Figure 1. Associations of low high-density lipoprotein cholesterol with laboratory parameters, clinical scores, and hospitalization characteristics in Crohn’s disease. Comparison between patients with and without low HDL-C. (A) CDAI. (B) SES-CD. (C) Fecal calprotectin. (D) Length of hospital stay. (E) Total costs. (F) Age. (G) ESR. (H) Serum albumin. (I) Serum prealbumin. (J) Serum ferritin. Low HDL-C, low high-density lipoprotein cholesterol; ESR, erythrocyte sedimentation rate; SES-CD, Simple Endoscopic Score for Crohn’s disease; CDAI, Crohn’s Disease Activity Index; CNY, Chinese Yuan. Data are presented as median and interquartile range. The Mann–Whitney U test was used for comparisons of continuous variables.

Figure 2

Figure 2. Associations of hypertriglyceridemia with laboratory parameters, clinical scores, and hospitalization characteristics in Crohn’s disease. Comparison between patients with and without hypertriglyceridemia. (A) CDAI. (B) SES-CD. (C) Fecal calprotectin. (D) Length of hospital stay. (E) Total costs. (F) Age. (G) ESR. (H) Serum albumin. (I) Serum prealbumin. (J) Serum ferritin. HTG, hypertriglyceridemia; ESR, erythrocyte sedimentation rate; SES-CD, Simple Endoscopic Score for Crohn’s disease; CDAI, Crohn’s Disease Activity Index; CNY, Chinese Yuan. Data are presented as median and interquartile range. The Mann–Whitney U test was used for comparisons of continuous variables.

Figure 3

Figure 3. Associations of hyperglycemia with laboratory parameters, clinical scores, and hospitalization characteristics in Crohn’s disease. Comparison between patients with and without hyperglycemia. (A) CDAI. (B) SES-CD. (C) Fecal calprotectin. (D) Length of hospital stay. (E) Total costs. (F) Age. (G) ESR. (H) Serum albumin. (I) Serum prealbumin. (J) Serum ferritin. ESR, erythrocyte sedimentation rate; SES-CD, Simple Endoscopic Score for Crohn’s disease; CDAI, Crohn’s Disease Activity Index; CNY, Chinese Yuan. Data are presented as median and interquartile range. The Mann–Whitney U test was used for comparisons of continuous variables.

Figure 4

Figure 4. Associations of hypertension with laboratory parameters, clinical scores, and hospitalization characteristics in Crohn’s disease. Comparison between patients with and without hypertension. (A) CDAI. (B) SES-CD. (C) Fecal calprotectin. (D) Length of hospital stay. (E) Total costs. (F) Age. (G) ESR. (H) Serum albumin. (I) Serum prealbumin. (J) Serum ferritin. ESR, erythrocyte sedimentation rate; SES-CD, Simple Endoscopic Score for Crohn’s disease; CDAI, Crohn’s Disease Activity Index; CNY, Chinese Yuan. Data are presented as median and interquartile range. The Mann–Whitney U test was used for comparisons of continuous variables.

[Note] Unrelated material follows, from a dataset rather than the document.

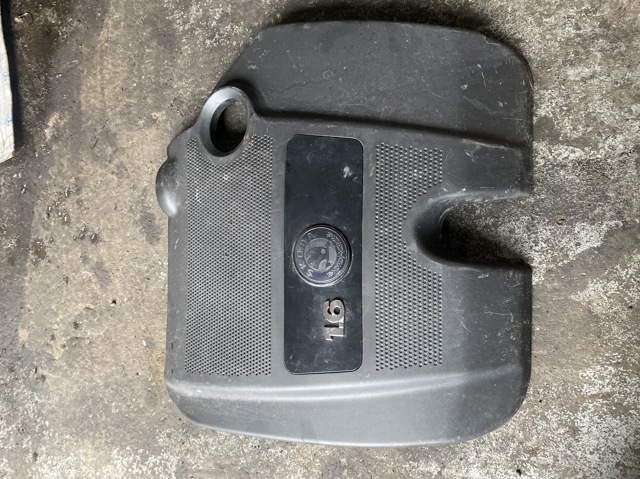 Кришка двигуна декоративна 06A103925 VAG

Multiple linear regression analysis revealed that higher BMI showed protective associations (Table 2). After adjustment for common confounding factors, each 1 kg/m² increment in BMI was significantly correlated with the following changes: a 0.64 g/L increase in serum albumin (95% CI: 0.17 to 1.12; p = 0.008), an 8.34 mg/L elevation in serum prealbumin (95% CI: 4.02 to 12.66; p < 0.001), a 28.93 μg/g reduction in fecal calprotectin (95% CI: −47.92 to −9.93; p = 0.003), a 5.52-point decrease in CDAI score (95% CI: −7.84 to −3.20; p < 0.001), and a 0.18-day shortening of hospital stay (95% CI: −0.34 to −0.01; p = 0.034).

Table 2

Table 2. Relationship between body mass index and laboratory indicators, clinical scores, and hospitalization characteristics in Crohn’s disease.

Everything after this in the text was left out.